Given entries:
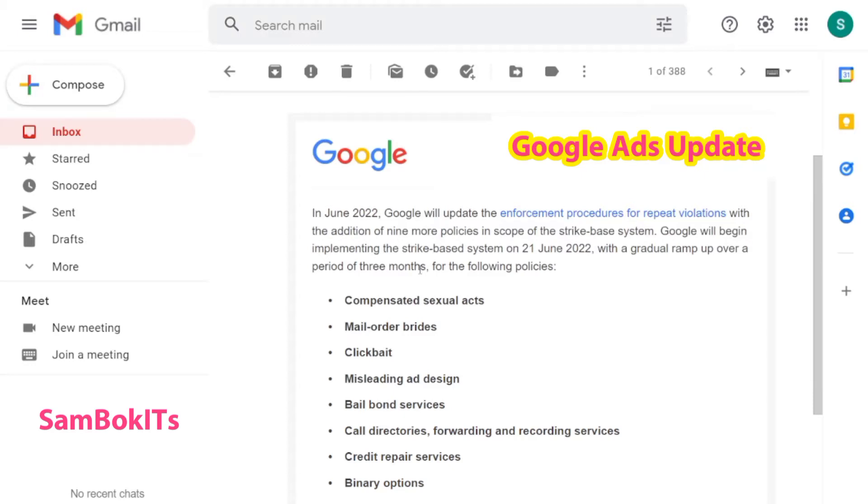Hello friends, welcome back to channel SamBok IT. Today I would like to share with you about a Google Ads update.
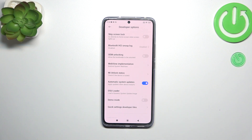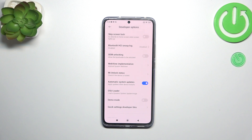So your device is allowed to apply the updates whenever it will be restarted. You do not really have to manually update your device. However, remember to restart it from time to time so it will have a chance to actually update the system.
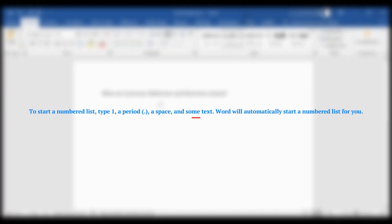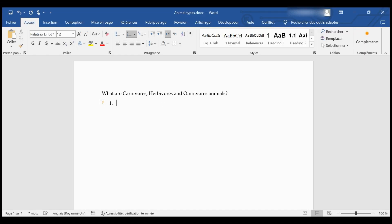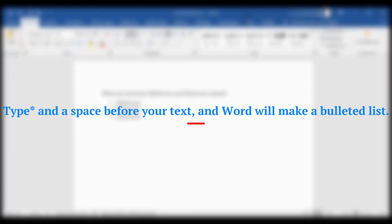To create a numbered list, type '1.' followed by a space and some text — Word will automatically start a numbered list for you. To create a bulleted list, type an asterisk and a space before your text and Word will make a bulleted list.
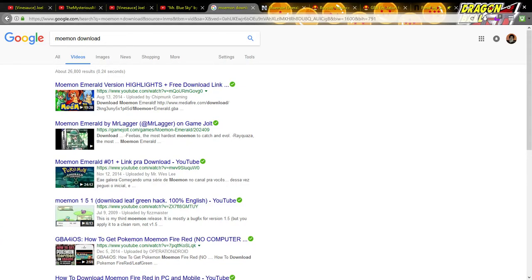Hey guys, what's up? I'm gonna show y'all how to download Moemon, you know, that game I play. Anyway, you got these videos over here, 19 minutes — you don't need 19 minutes to describe this.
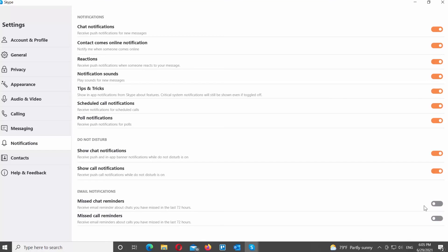If you don't want to receive the email notification, turn the switch next to the option off. If you want to receive the email notifications, turn the switch on next to the option.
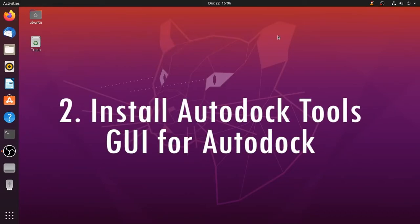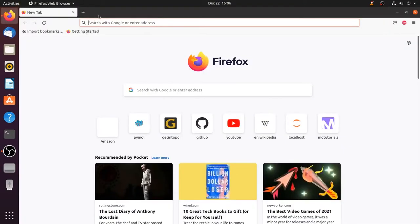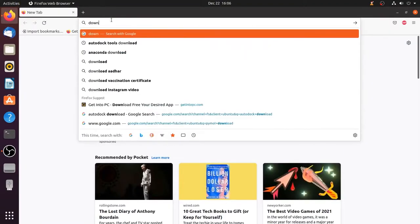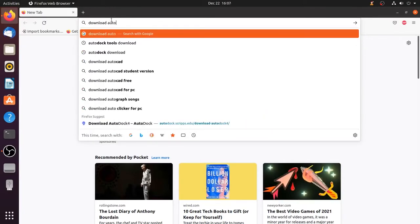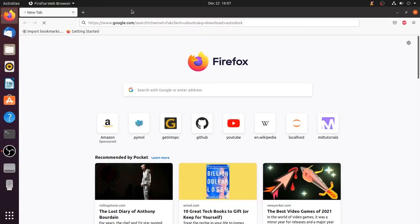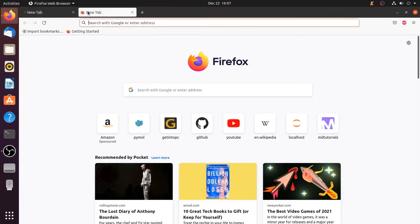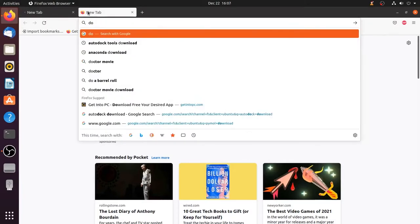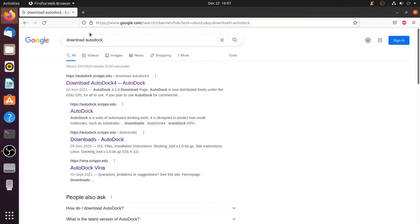Next we have to install Autodock Tools or MGL Tools which is the GUI for Autodock and Autogrid. To install this go to the web browser and search for download Autodock. Make sure you are connected to the internet.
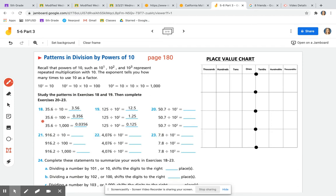Number 18 says 35 and 6 tenths divided by 10 is equal to 3 and 56 hundredths. Previewing further down, the dividend stays as 35 and 6 tenths, but the divisor changes from 10 to 100 to 1,000 — and they give the answers. What I'm noticing is that the dividend and quotient have the same digits, but their place values have changed.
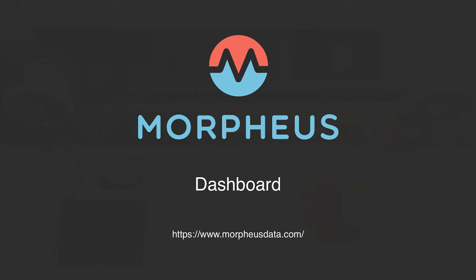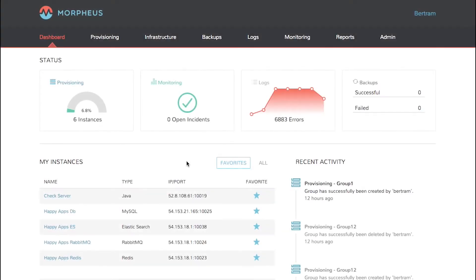Welcome to the Morpheus Minute. Today we're going to talk about the dashboard. The dashboard is a single pane of glass showing quick, easy to read performance and configuration information about the Morpheus environment.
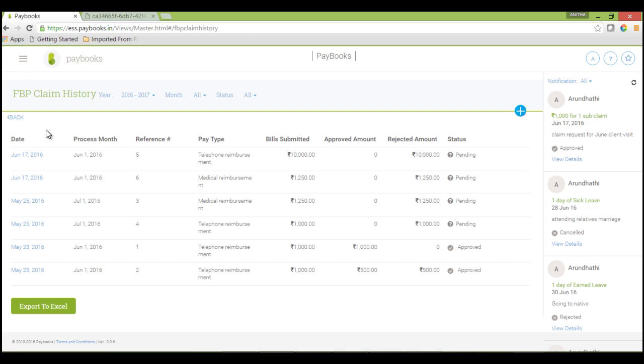Once submitted, it will take you directly to the FBP claims history where you can view the claims submitted so far. It will show you the claim raised date, process month, pay type, the component and bills submitted, approved amount, and the status.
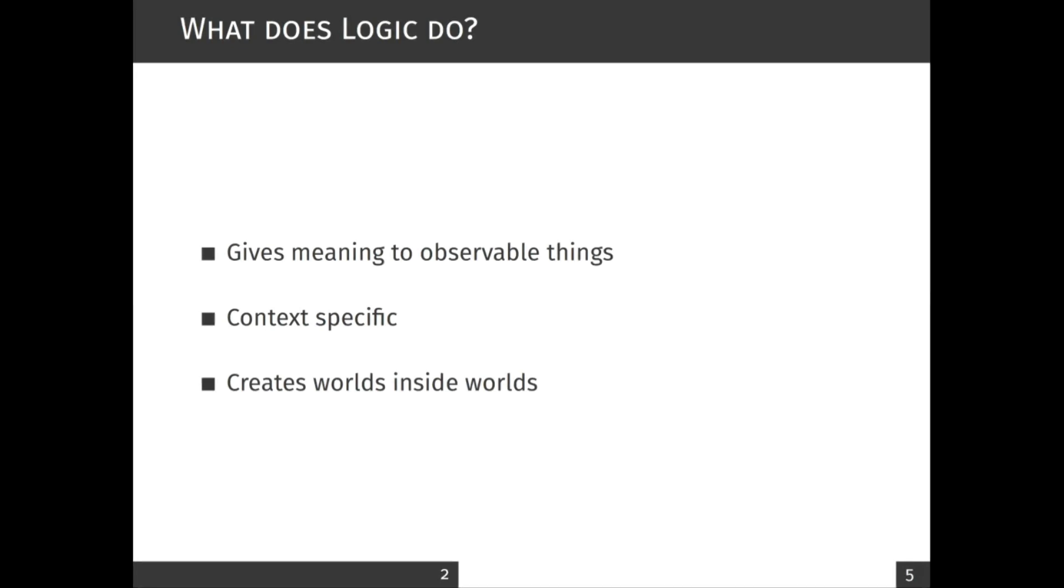The purpose of this video is to shortly introduce you to what logic is and what does a logician do.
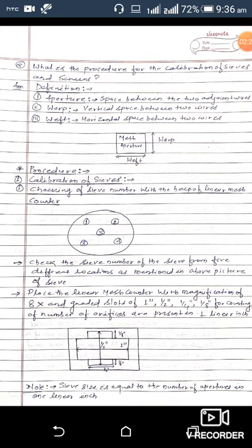Our next question is: what is the procedure for calibration of sieve and screen? Here I will discuss some definitions. First is aperture: a space between two adjacent wires is called aperture. Second is warp (vertical): a space between two wires is called warp. Third is weft (horizontal): a space between two wires is called weft.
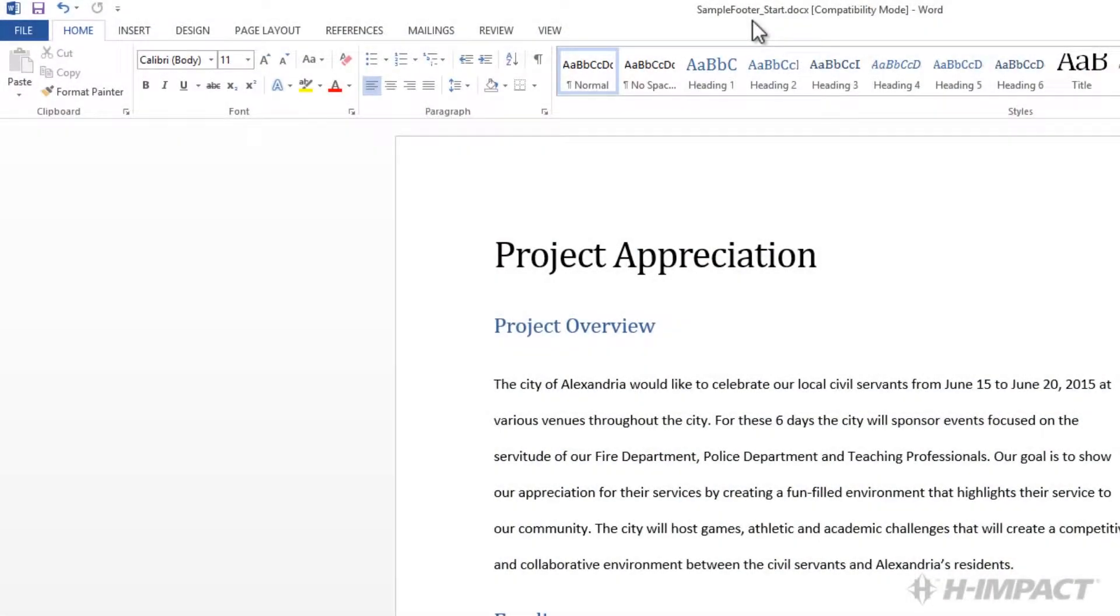Welcome to another training video from himpact.com. My name is Alina Miller and today I'm going to show you how to add a footer with a title and page number to a sample document using Word 2013.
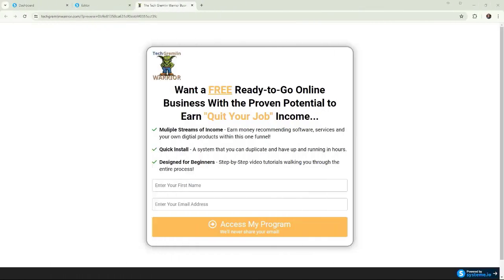Hey everybody, Sean here with Zero to Income, and what we want to do is cover some troubleshooting steps when you are setting up your opt-in page.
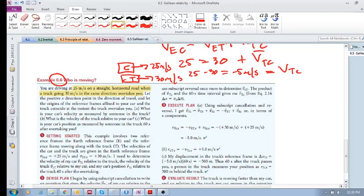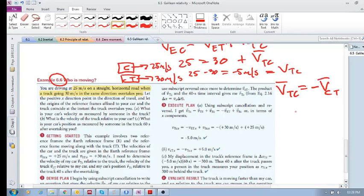Now what happens if you're in the car looking at the truck? We know that the velocity of the car relative to the truck is just the negative of the velocity of the truck relative to the car. So the velocity of the truck relative to the car should just be positive 5 meters per second.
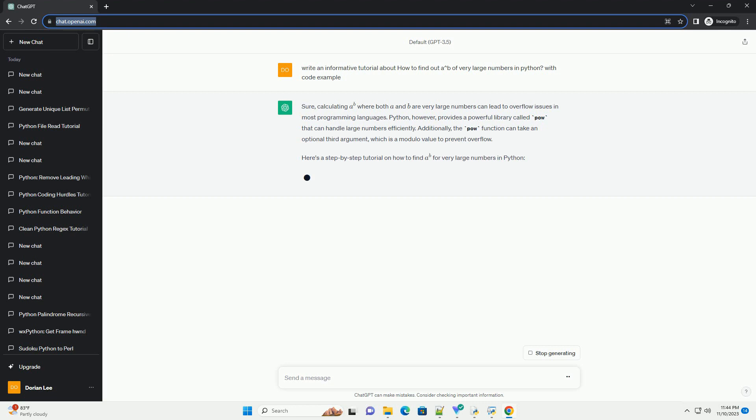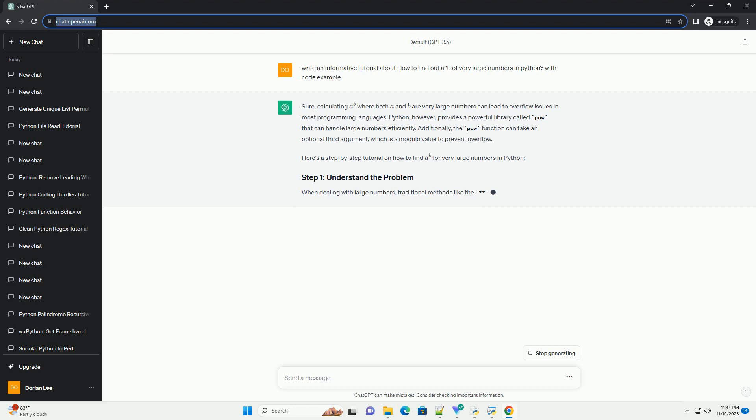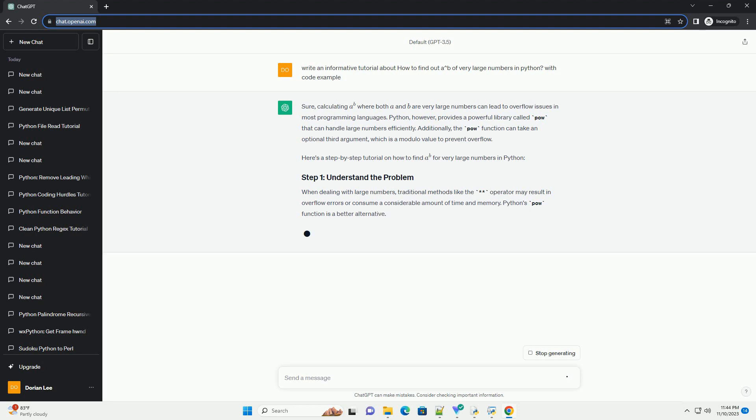In Python, the pow function is commonly used for exponentiation, but for extremely large numbers, a more efficient approach is required. This tutorial will guide you through calculating a^b for very large numbers in Python using the Modular Exponentiation Algorithm.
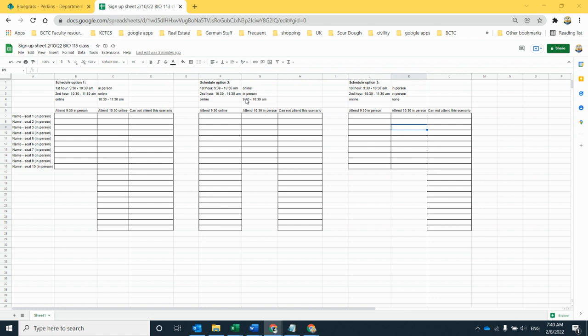So this is the problem. As an attempt at a solution, I'm giving you three different options for a schedule: either first hour in person, second hour online, or first hour online, second hour in person, or we're just in person. In that case, there's no online option.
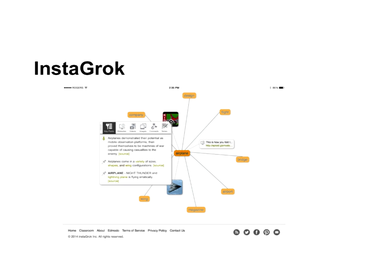InstaGrok lets you search for the information that you need. You find some important information, you can pin it and it will keep it in your pins, or you can easily find it, watch videos, and look at images. InstaGrok is good, although it needs a login — so you have to manage those logins. My students have the same login and password across the board, which makes it easy.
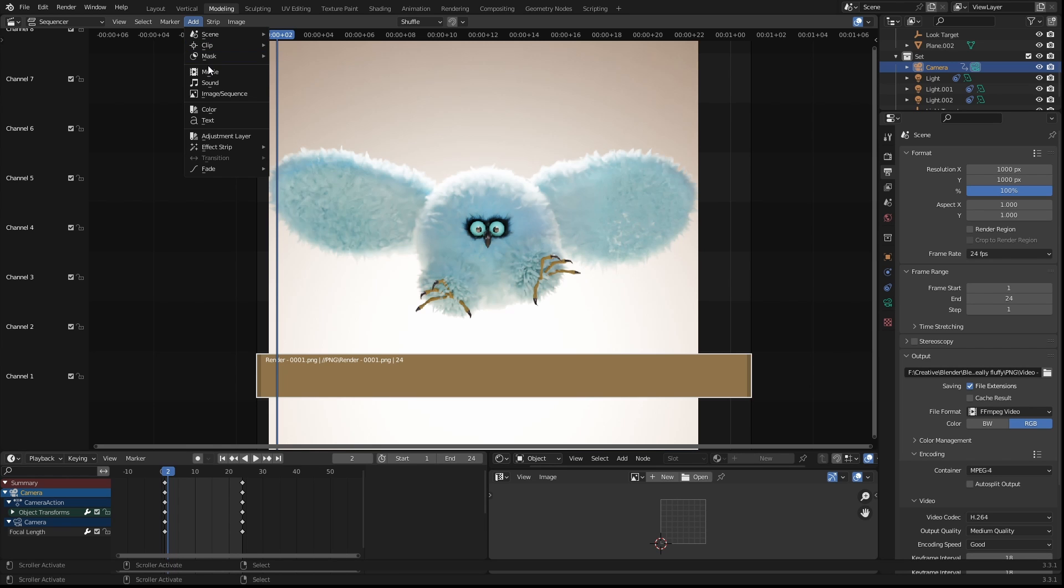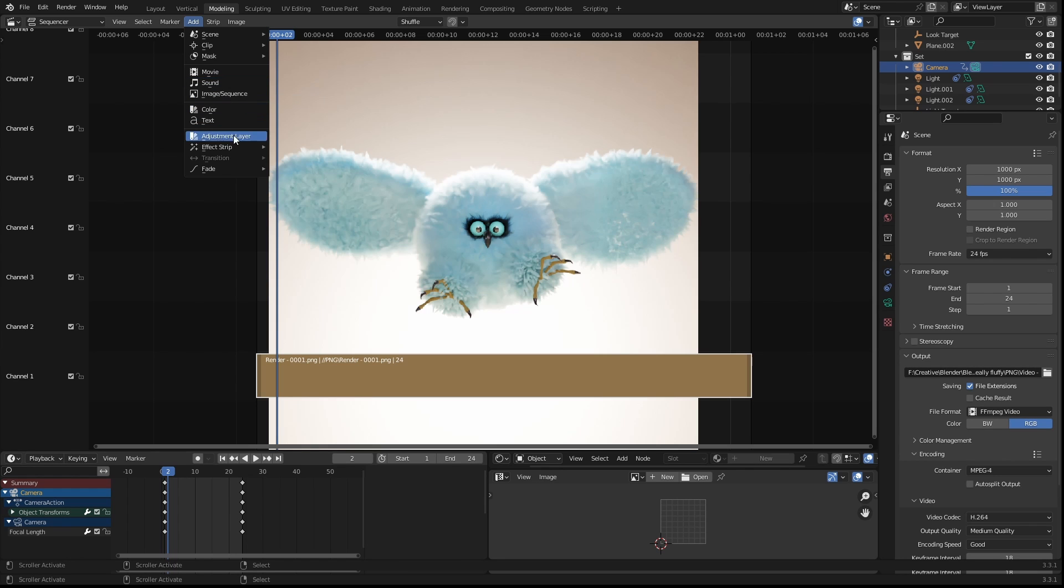You can also add sounds and videos to this as well. There's a lot that you can do within the sequencer. This just literally scratches the surface.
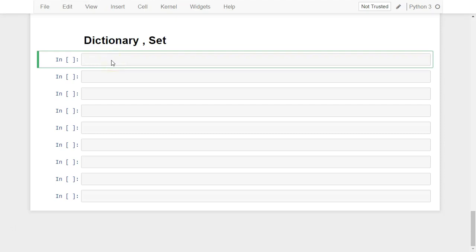Hi friends, welcome back. So in this video, we are going to explore two more concepts in Python. One is a dictionary kind of data structure, and another is a set data structure.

About this task:
Since the pictures are not part of the copy, please transcribe only the lines above from the one with "Welcome to the" through the one with "The purpose of", exactly and with both ends.

Written answer:
Welcome to the Morpheus Minute. Today we're going to talk about the dashboard. The dashboard is a single pane of glass showing quick, easy to read performance and configuration information about the Morpheus environment.
Once submitted, it will take you directly to the FBP claims history where you can view the claims submitted so far. It will show you the claim raised date, process month, pay type, the component and bills submitted, approved amount, and the status.
The purpose of this video is to shortly introduce you to what logic is and what does a logician do.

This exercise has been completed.